Sunday, August 17, 2014

Washington Capitals: All-Franchise Teams by the Alphabet -- Team M

“M” stands for…well, “M.”  It is that team to which we now turn in the Washington Capitals All-Alphabet Franchise Teams.

Left Wing: Kelly Miller

Regular Season (with Capitals): 13 seasons, 940 games, 162-246-408, plus-75
Playoffs (with Capitals): 13 seasons, 119 games, 20-34-54, even

No player drafted lower in the 1982 entry draft played more NHL games than Kelly Miller.  In fact, the seven players taken after Miller in the 1982 draft who appeared in the NHL played in a total of 86 games.  Miller, drafted in the ninth round (183rd overall) by the New York Rangers, played in 1,057 NHL games, 940 of them with the Washington Capitals.

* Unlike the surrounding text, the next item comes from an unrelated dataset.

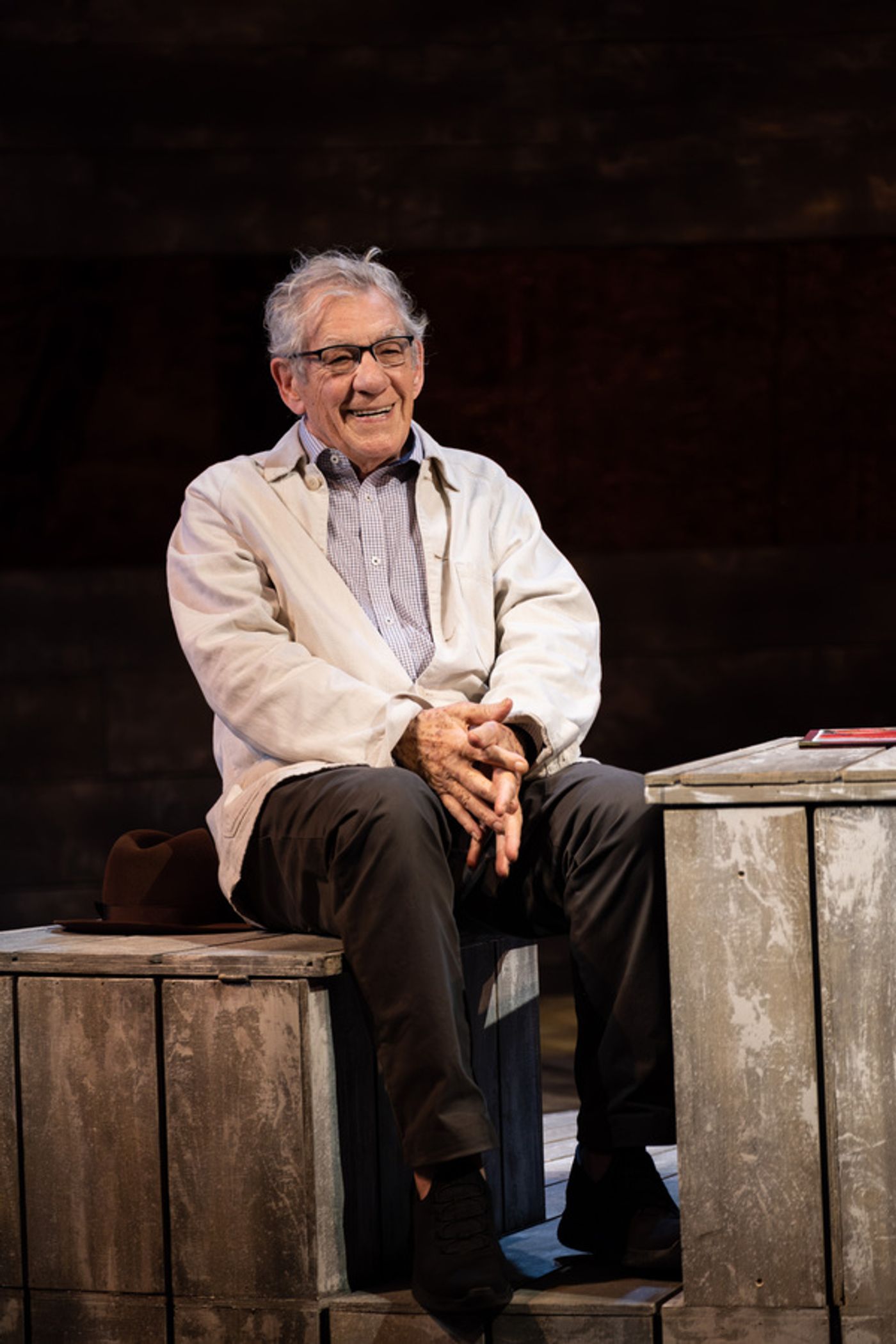 Photos: First Look at Ian McKellen and Roger Allam in FRANK AND PERCY World Premiere  Image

Miller came to the NHL, if not a prolific scorer, then a consistent one in his four seasons at Michigan State University.  Over a 163-game career with the Spartans, Miller was a point per game player (82-82-163).  He was a Hobey Baker finalist in 1985, an honor he shared with Adam Oates and Spartan teammate Craig Simpson, both of whom would go on to have noteworthy NHL careers of their own (former Caps assistant coach Tim Army was also in that Hobey Baker class).

Scoring was not quite the role he adopted once reaching the NHL.  In his first two seasons with the Rangers he was 13-22-35 in 74 games.  The following season (1986-1987) he was on a similar pace mid-way through the season.  Then, on New Year’s Day 1987, he was traded with Mike Ridley and Bob Crawford to the Caps for Bobby Carpenter and a second-round pick in the 1989 entry draft.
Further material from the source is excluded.